## ASSIGNMENT
Using only the entries below, output the lines starting at the one containing "Bifold Kate Spade Wallet - Picture 2 of 4" and ending at the one containing "Pendola in bronzo", exactly and inclusive of both, omitting the pictures.
*** Opening of AVAILABLE RECORDS ***
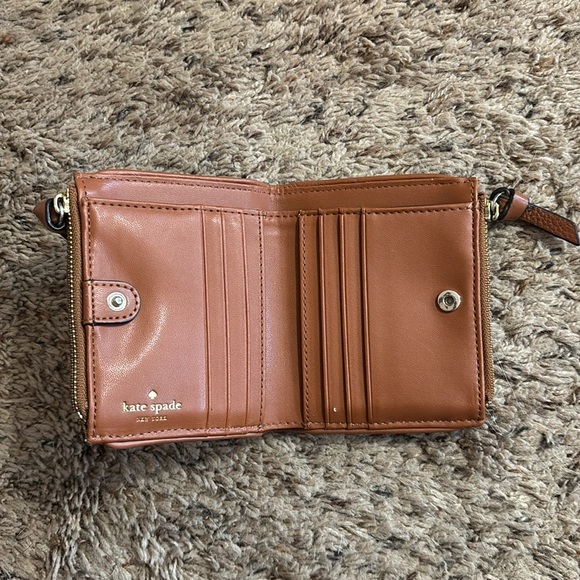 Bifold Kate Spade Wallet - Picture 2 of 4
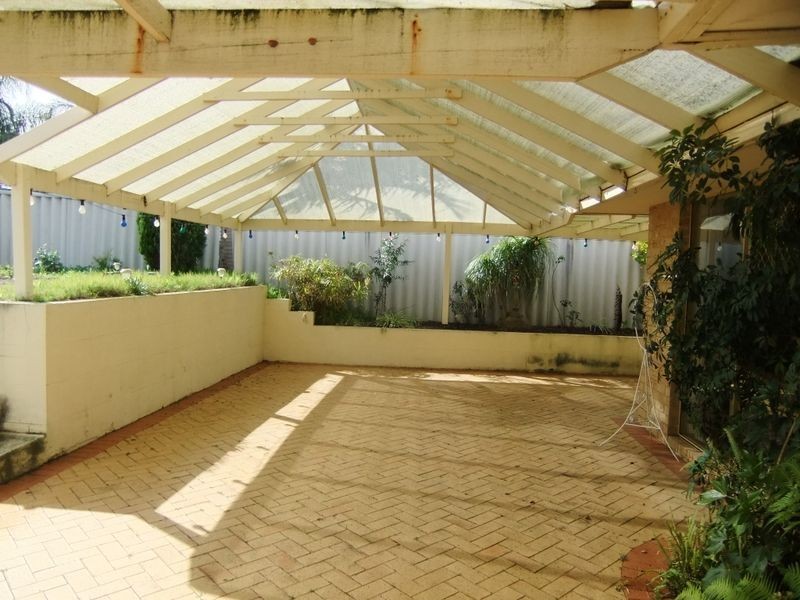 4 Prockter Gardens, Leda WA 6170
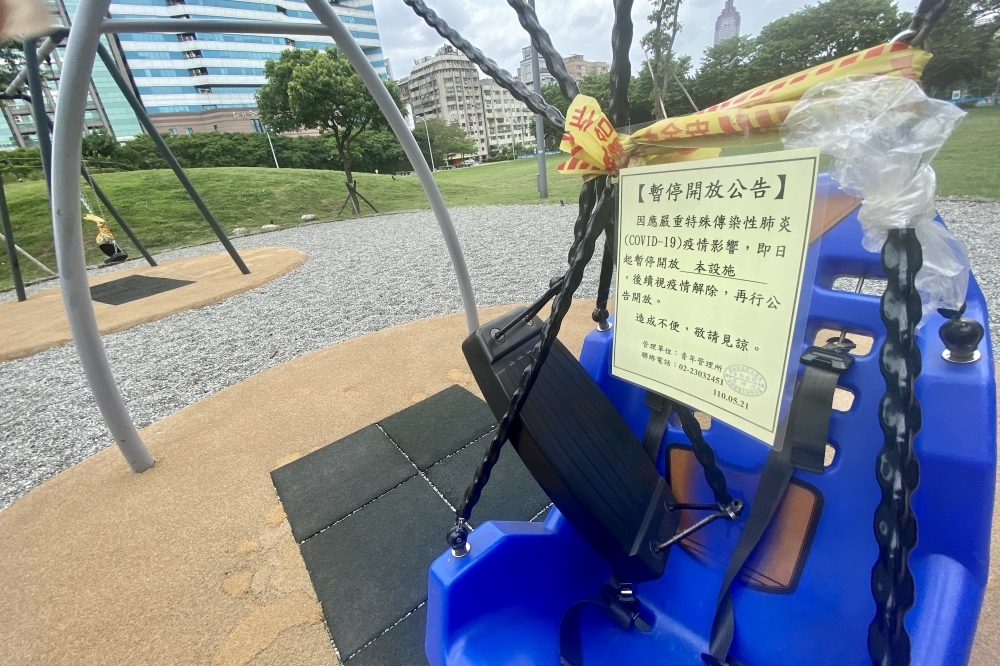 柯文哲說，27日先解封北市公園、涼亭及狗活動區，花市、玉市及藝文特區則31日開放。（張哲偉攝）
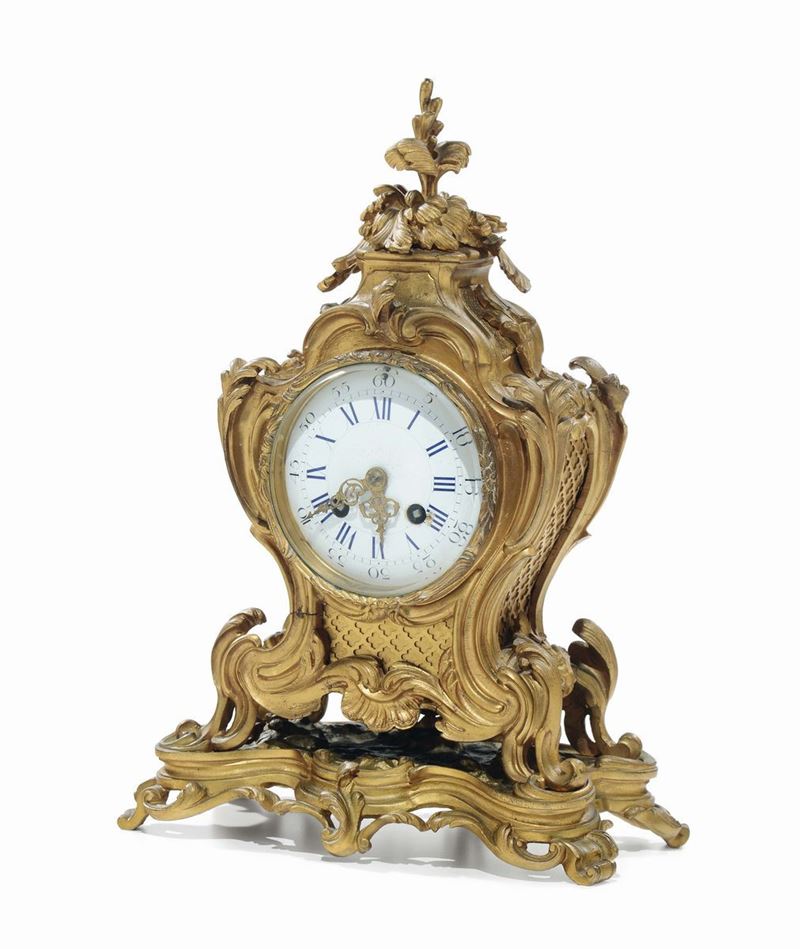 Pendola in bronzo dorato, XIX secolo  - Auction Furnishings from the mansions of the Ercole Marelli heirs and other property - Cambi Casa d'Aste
*** Close of AVAILABLE RECORDS ***
*** Opening of AVAILABLE RECORDS ***
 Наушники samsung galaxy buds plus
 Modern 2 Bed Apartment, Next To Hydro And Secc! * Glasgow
*** Close of AVAILABLE RECORDS ***
## YOUR RESPONSE
 Bifold Kate Spade Wallet - Picture 2 of 4
 4 Prockter Gardens, Leda WA 6170
 柯文哲說，27日先解封北市公園、涼亭及狗活動區，花市、玉市及藝文特區則31日開放。（張哲偉攝）
 Pendola in bronzo dorato, XIX secolo  - Auction Furnishings from the mansions of the Ercole Marelli heirs and other property - Cambi Casa d'Aste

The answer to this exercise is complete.